Nature Communications ( IF 14.7 ) Pub Date : 2023-05-04 , DOI: 10.1038/s41467-023-38192-3 Zhenxing Wu 1, 2 , Jike Wang 1, 2, 3 , Hongyan Du 1, 2 , Dejun Jiang 1, 2 , Yu Kang 1 , Dan Li 1 , Peichen Pan 1 , Yafeng Deng 2 , Dongsheng Cao 4 , Chang-Yu Hsieh 1 , Tingjun Hou 1
Graph neural networks (GNNs) have been widely used in molecular property prediction, but explaining their black-box predictions is still a challenge.

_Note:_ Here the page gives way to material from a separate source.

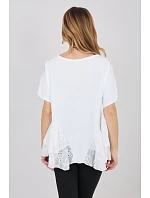 Blúzka model 225500 Taliansko Moda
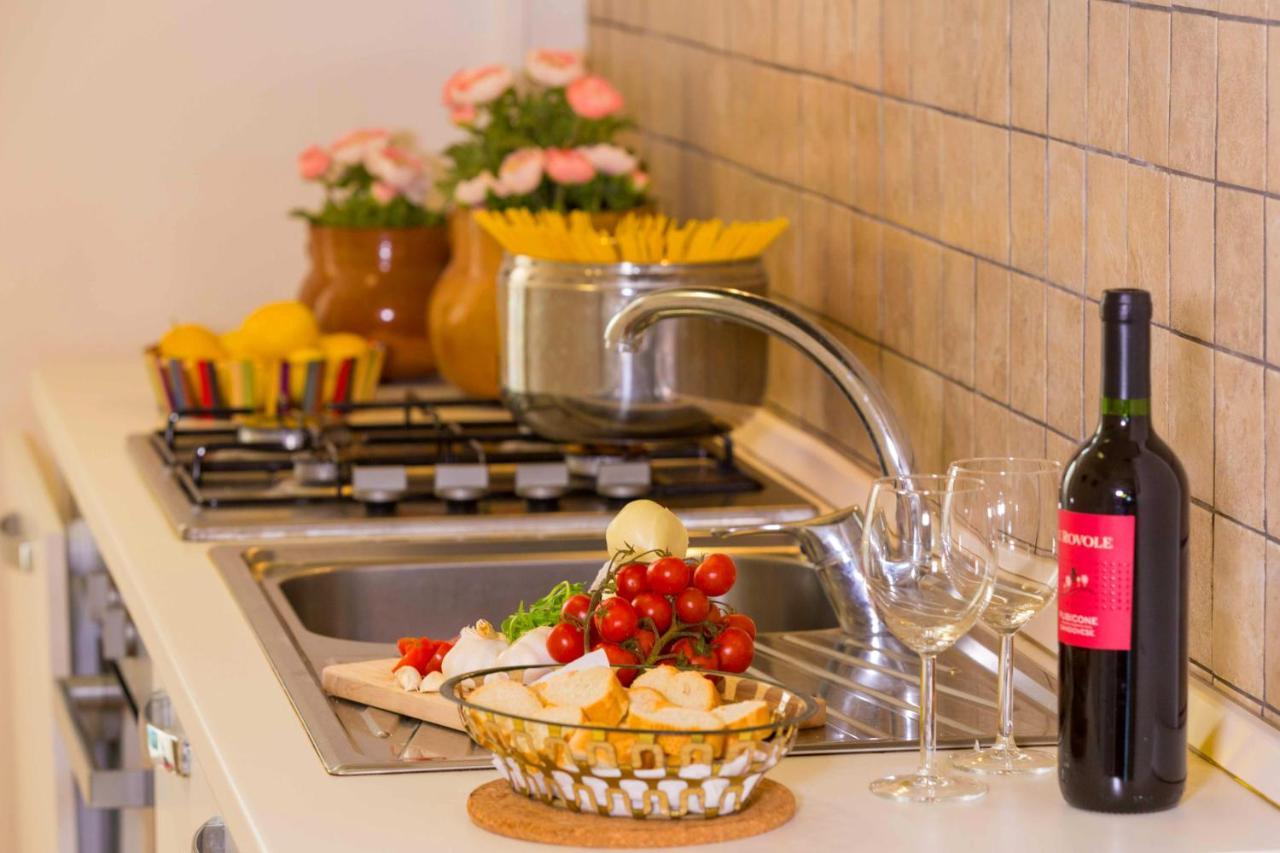 Apartamento Siciliabedda House Catânia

Most existing explanation methods for GNNs in chemistry focus on attributing model predictions to individual nodes, edges or fragments that are not necessarily derived from a chemically meaningful segmentation of molecules. To address this challenge, we propose a method named substructure mask explanation (SME). SME is based on well-established molecular segmentation methods and provides an interpretation that aligns with the understanding of chemists. We apply SME to elucidate how GNNs learn to predict aqueous solubility, genotoxicity, cardiotoxicity and blood–brain barrier permeation for small molecules. SME provides interpretation that is consistent with the understanding of chemists, alerts them to unreliable performance, and guides them in structural optimization for target properties. Hence, we believe that SME empowers chemists to confidently mine structure-activity relationship (SAR) from reliable GNNs through a transparent inspection on how GNNs pick up useful signals when learning from data.
中文翻译:
图神经网络的化学直观解释用于具有子结构掩蔽的分子特性预测
图神经网络 (GNN) 已广泛用于分子特性预测,但解释其黑盒预测仍然是一个挑战。大多数现有的 GNN 化学解释方法都侧重于将模型预测归因于不一定来自具有化学意义的分子分割的单个节点、边或片段。为了应对这一挑战,我们提出了一种名为子结构掩码解释 (SME) 的方法。SME 基于成熟的分子分割方法,并提供符合化学家理解的解释。我们应用 SME 来阐明 GNN 如何学习预测小分子的水溶性、遗传毒性、心脏毒性和血脑屏障渗透。SME 提供符合化学家理解的解释,提醒他们注意不可靠的性能,并指导他们对目标属性进行结构优化。因此,我们相信 SME 使化学家能够通过对 GNN 在从数据中学习时如何获取有用信号的透明检查,自信地从可靠的 GNN 中挖掘构效关系 (SAR)。